There are a lot of things I’m thinking about now-joy and pain, sex and rhythm, and the misogynist temple. The body opens up through the mind’s eye and a million people see the unseen. It’s only been a few days since I arrived back in Winston and I’ve been out and about in the mix for long enough to know that I cannot stay. The Universe has pulled me back to say but a few words and move on. I am after all a machine. I am an irony engine, motivated by the faithful to be a catalyst for change. If you know, what I mean? More “Beautiful Nothing” than, an “Escapist Wizard”. What I pride myself on is being able to know the difference. I scribbled this poem in my notebook when I was drunk at P&M’s the other night (by P&M’s I mean Pat and Margret’s, not Pop and Mom’s).

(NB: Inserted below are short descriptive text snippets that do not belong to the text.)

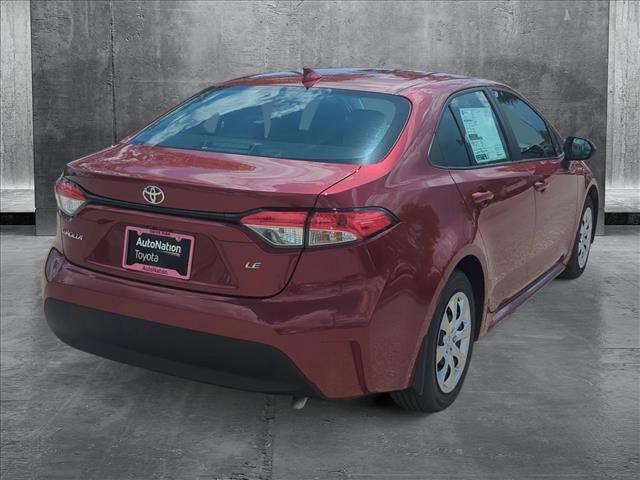 new 2025 Toyota Corolla car, priced at $23,720
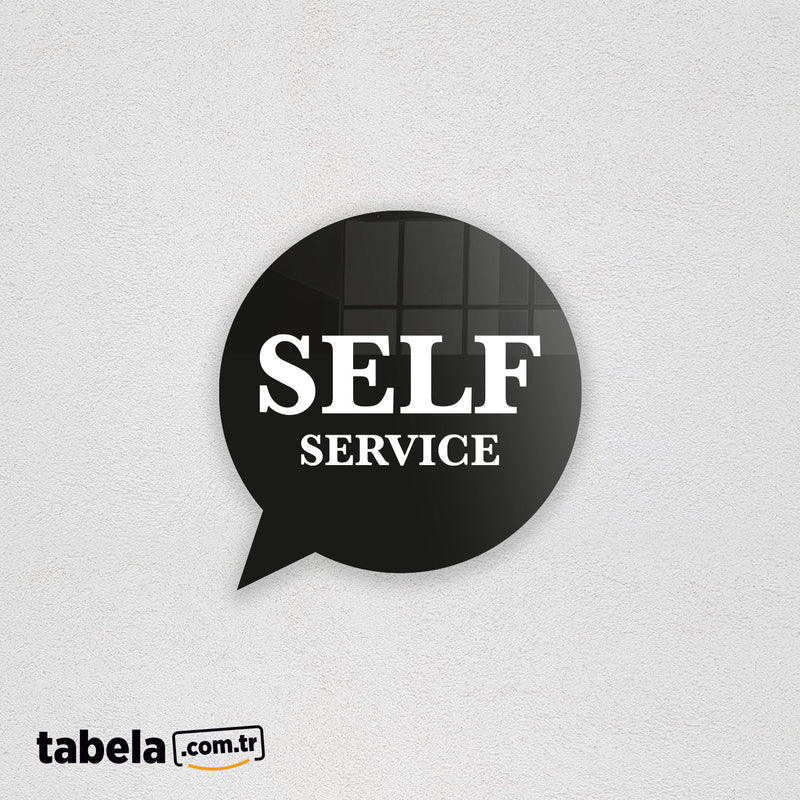 Self Service Tabelası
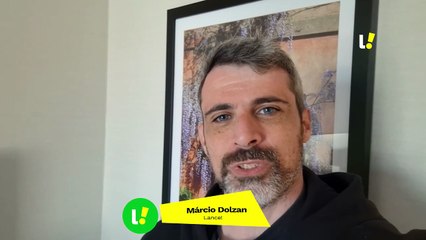 Márcio Dolzan, repórter correspondente do Lance! no Mundial de Clubes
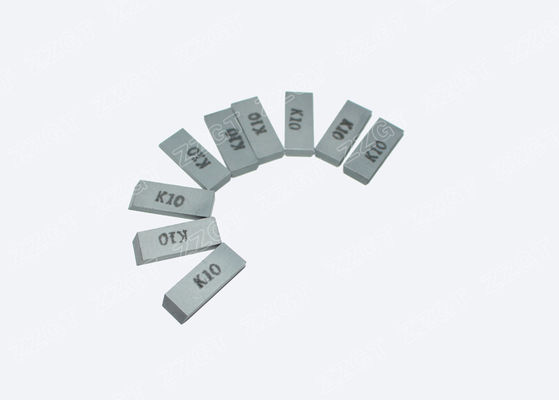Резец кнопки продуктов карбида вольфрама ранга К10 Кубоид для резать кнопку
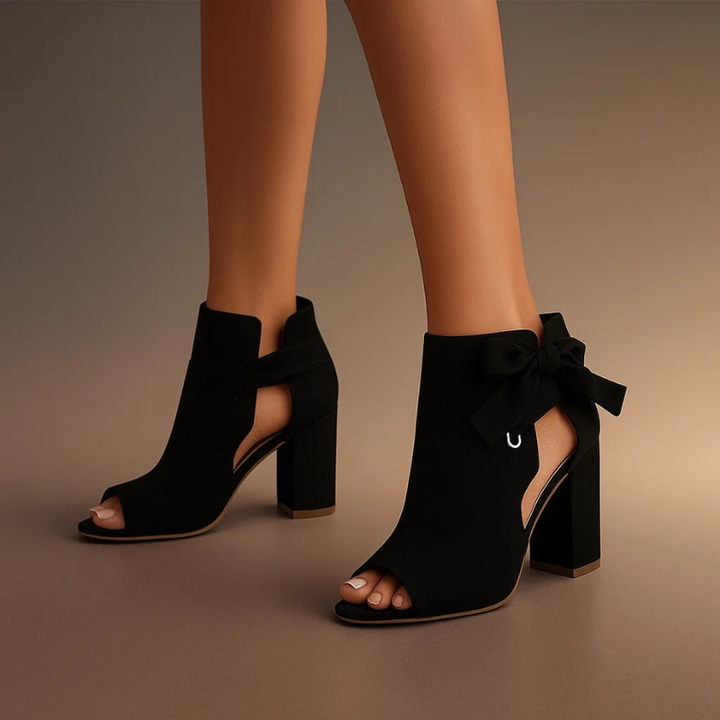 Marcella – Sandalias Elegantes con Tacón para Mujer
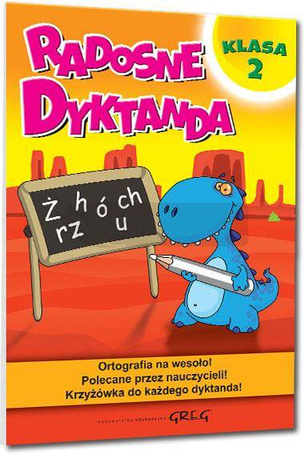 Radosne dyktanda - klasa 2 GREG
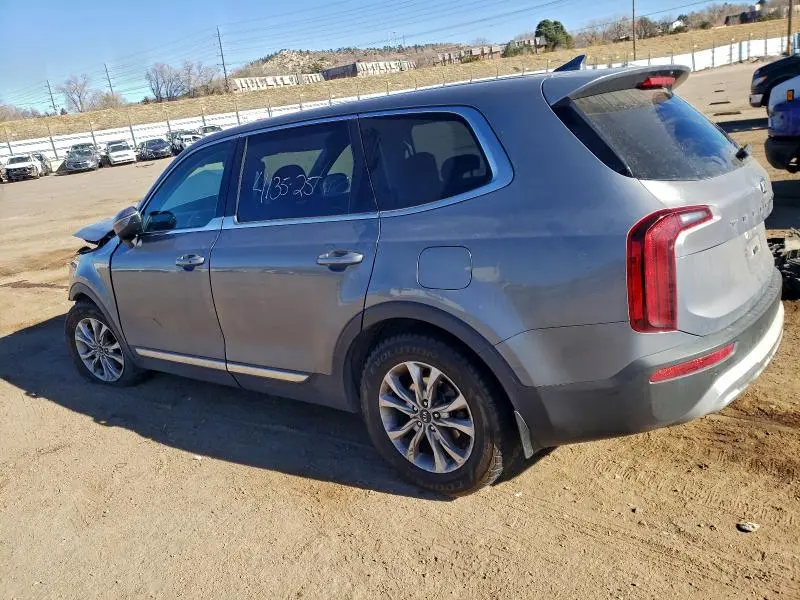 2021 KIA TELLURIDE LX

Deadly Poltergeist, the one to stay tragic, a million cosmonauts live in the damage, the world in of itself was left for those that dare to dream a number of the beast on my 501 jeans. Multitudes of mysterious men walk/talk in their sleep an insult friend; the jungle is thick and lush with cat hairs, fiery bush and Adair’s. The working man is face down in the gutter. Twice removed from Hogarth’s mother. Hogarth/Hogwarts silly girl nothing is ever how it seems, the universe is full of joy and mischief to the Foltoroy. Yom Kippur and Rash-a-Shana the hum of a thousand wings is my ultimate sauna Burning bright embers in the night young maidens in heat take flight Burden by sorrows the child crying, the dreamer awakes-and dies. Tattooed angles of a different kind the misdirection’s of all people behind. More of Fancy Feet of stone/deeper than cleats we remain.